From the Guest Editor

The idea for a journal issue devoted to writing by Mennonite college students grew out of Ann Hostetler’s Mennonite Literature class at Goshen College in the spring of 2011. During the course Ann challenged her students to gather a selection of writing in multiple genres from students studying at Mennonite colleges or otherwise associated with the Mennonite Church. Among a variety of submissions, the present group of vivid comic essays stood out to the student editors as a group. At the end of the semester we chose to feature this quartet of essays on Mennonite childhood along with Vienna Wagner’s distinctive poems, which explore voice through the use of persona and the personal lyric.

The four personal essayists—Annie Martens, Sarah Rich, Phil Weaver-Stoesz, and Kate Stoltzfus—use the clash of Mennonite culture with popular culture, such as The Babysitters Club and Dungeons and Dragons, to reflect on their childhood discoveries of sin, worldiness, the value and practicality of pacifism, the expression of Christianity in one’s day-to-day life, and even on violence caused by the most nonviolent of intentions. All of these essays were written for a Memoir writing class taught by Jessica Baldanzi during the same semester as Mennonite Literature. Many of the students in Mennonite Literature were also in Memoir. These two courses cross-pollinated profusely and yielded distinctive fruit. I was fortunate to be a student in both courses and, when the semester ended, I continued to edit this issue as part of my summer internship with the CMW.

In both Mennonite Lit and Memoir we learned that the power of the universal comes through the specific. In these essays childhood is the universal, Mennonite is the specific. The comic memoirs here touch on what I’ve found to be true: that, perhaps more than anything else, common childhood experiences bind young Mennonites together. This shouldn’t be surprising. Childhood, is, after all, its own kind of otherness. Everyone has childhood in common.

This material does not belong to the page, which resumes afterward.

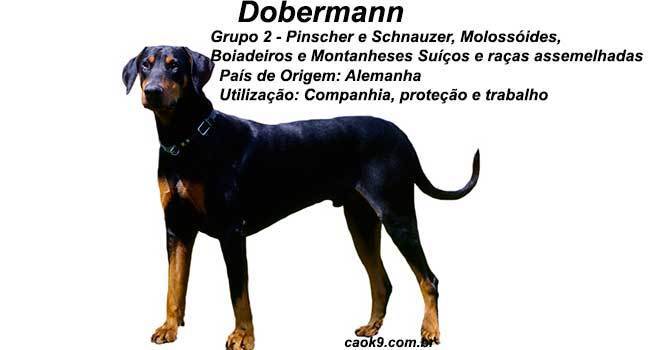 Características do Dobermann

As the editor of this issue I offer a huge thanks to my Mennonite Literature classmates for their work and discernment, and especially to Sarah Rich, whose judgment and sense of humor were invaluable this last summer as I sculpted the issue. I would also like to express my gratitude to Jessica Baldanzi and Ann Hostetler, whose classrooms and guidance helped to bring these new voices to the conversation.


-Sara Wakefield, Guest Editor

About the Author

Sara Wakefield

Sara Wakefield graduated from Goshen College in 2011 and interned with the Center for Mennonite Writing this past summer. She currently lives in Goshen, Indiana where she is a card-carrying member of Megafauna, a local writers' group, and works as a freelance writer and editor.